I don't know how to work with vectors that are three dimensional, meaning two angles and a length. I am not interested in the length. The length of the vector to the sun is 93 million miles and the length of the vector representing the panel is infinite.
I already did the google search and find many places that tell me the optimum panel angle, but none that describe what I want. I refer back to the OP and the fourth paragraph. How is that solved?

In addition to the angle arithmetic I need the calculate the angle to the sun and any time and any day. This site comes the closest: http://success.homerenergy.com/energy-resource/angle-of-incidence/ but their equation does not make sense. It states that the solar declination is calculated by:
declination = (23.45 degrees) * sin( (360 degrees) * (284 + n ) / 365 )
I don't understand their meaning of ( x degrees ) multiplied by (some number) I put it into an Excel workbook and my answers were obviously not correct.
The phrase (284 + n) / 365 does not do the job because it begins on day 1, January first, with a value of 0.68 and evenly ramps up to 1.66 on day 360, which should be about the same as day 1.

Tom.G
I don't know how to work with vectors that are three dimensional, meaning two angles and a length.
There aren't any in the link I gave you. It is all solid geometry for which they supply the needed equations and definitions.

but their equation does not make sense. It states that the solar declination is calculated by:
declination = (23.45 degrees) * sin( (360 degrees) * (284 + n ) / 365 )
I don't understand their meaning of ( x degrees ) multiplied by (some number) I put it into an Excel workbook and my answers were obviously not correct.
The 23.45° is the tilt of the Earths axis.
284 is related to the day of an Equinox, a day of the year that the sun is directly over the equator.
360/365 is the number of {degrees per day} that the apparent position of the Sun shifts North or South of the Equator, due to the Earth axis tilt.

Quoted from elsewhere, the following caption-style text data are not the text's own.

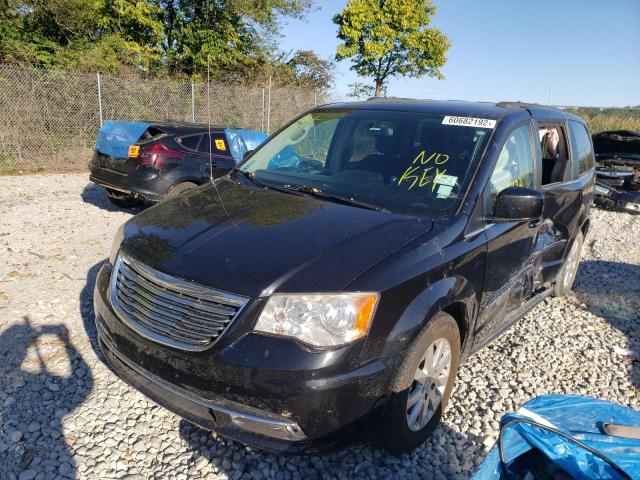Photo 2 from auction – 2014 CHRYSLER TOWN & COU with VIN 2C4RC1BG6ER143479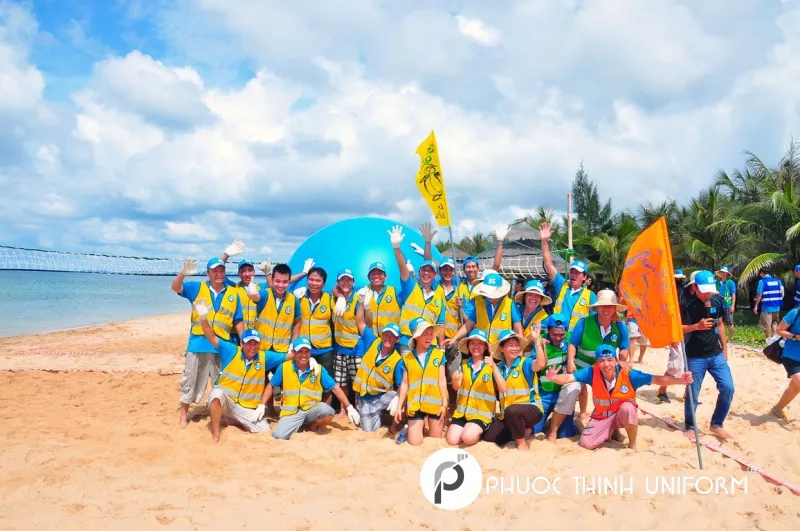 Áo team building - 10 Áo team building giúp gắn bó và nâng cao tinh thần đội nhóm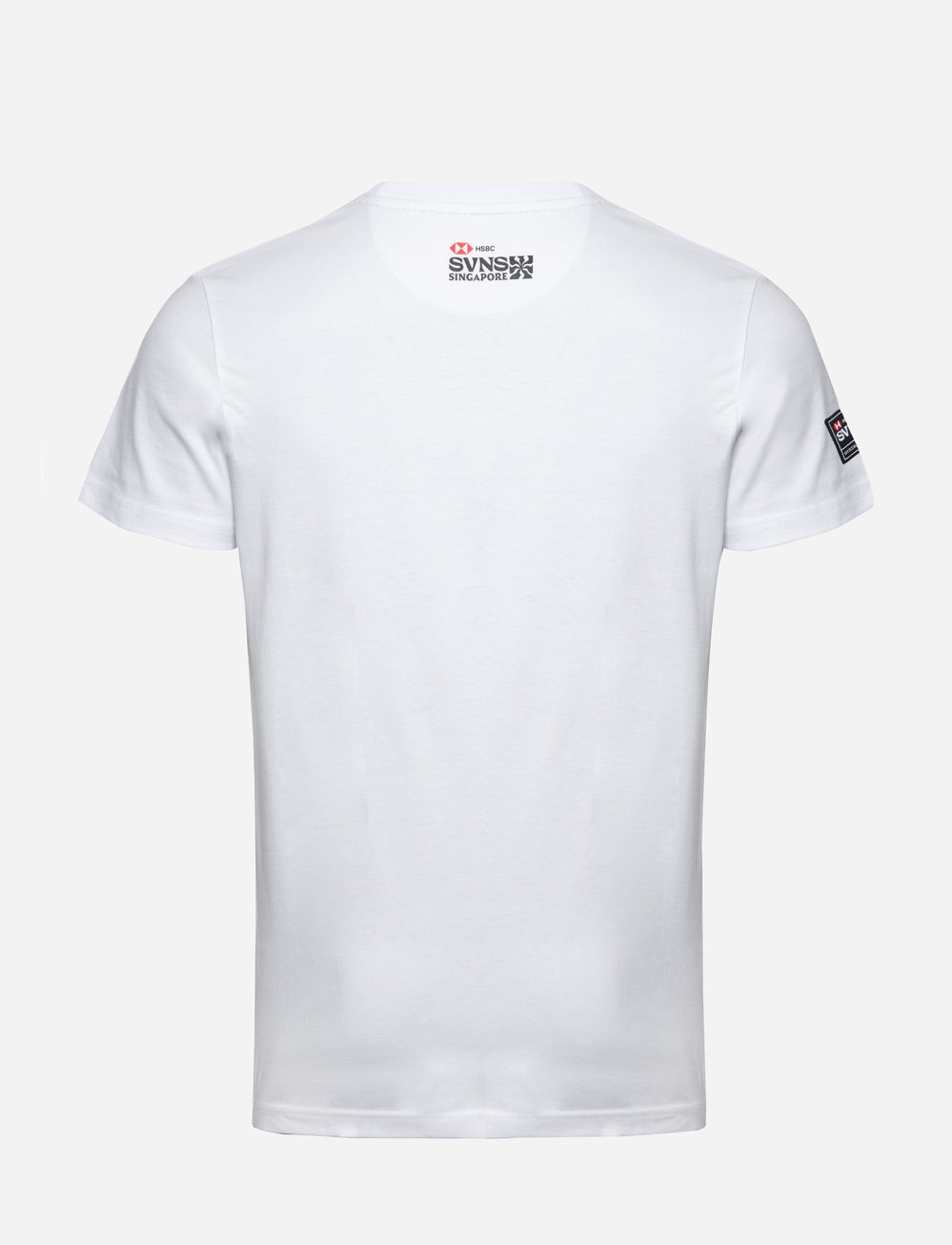 SVNS 2026 Singapore Event T-Shirt - White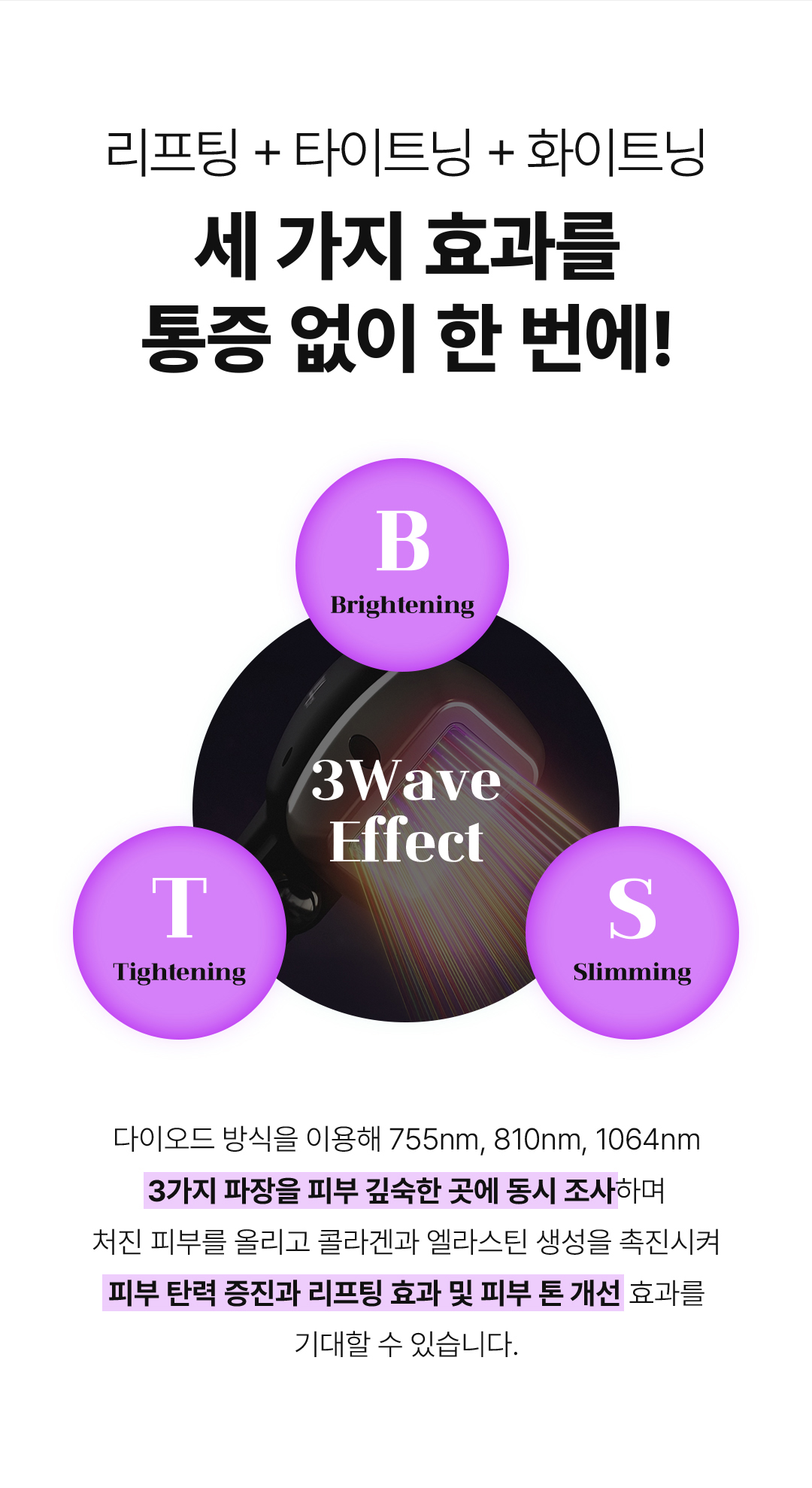 압구정 비앤미의원 티타늄 리프팅 시술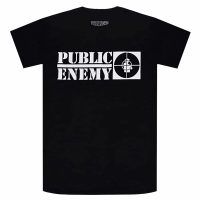 PUBLIC ENEMY Crosshair Logo Tシャツ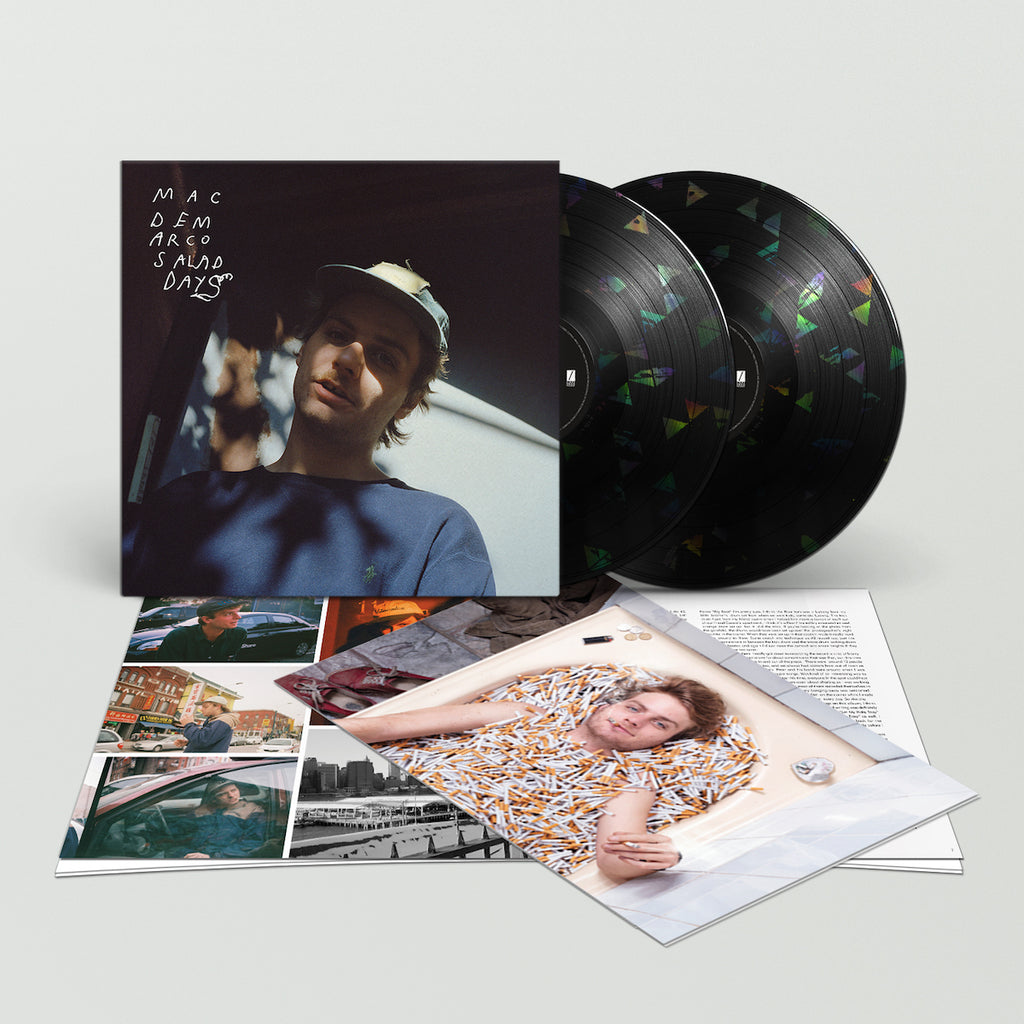 Mac DeMarco 'Salad Days (10th Anniversary Edition)' (Holographic Vinyl 2LP)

The result is that (284+n) is the {number of days} from the Equinox to the date (day number) you enter. This {number of days} is multiplied by the {degrees per day} to yield how far in degrees the apparent Sun position (known as the Subsolar Point) is from the Equator. When the sine operator is applied, the returned value is between +1 (on June 21 for the start of Summer [Northern hemisphere]), and -1 (Dec 22 for the start of Winter). (Those are the dates the Sun appears the furthest North and the furthest South of the Equator.)

The sine result in the range of +1 to -1 then multiplies the 23.45° of axis tilt to give a result that tells how far, in degrees, the Sun is North or South of the Equator at Solar Noon on that day.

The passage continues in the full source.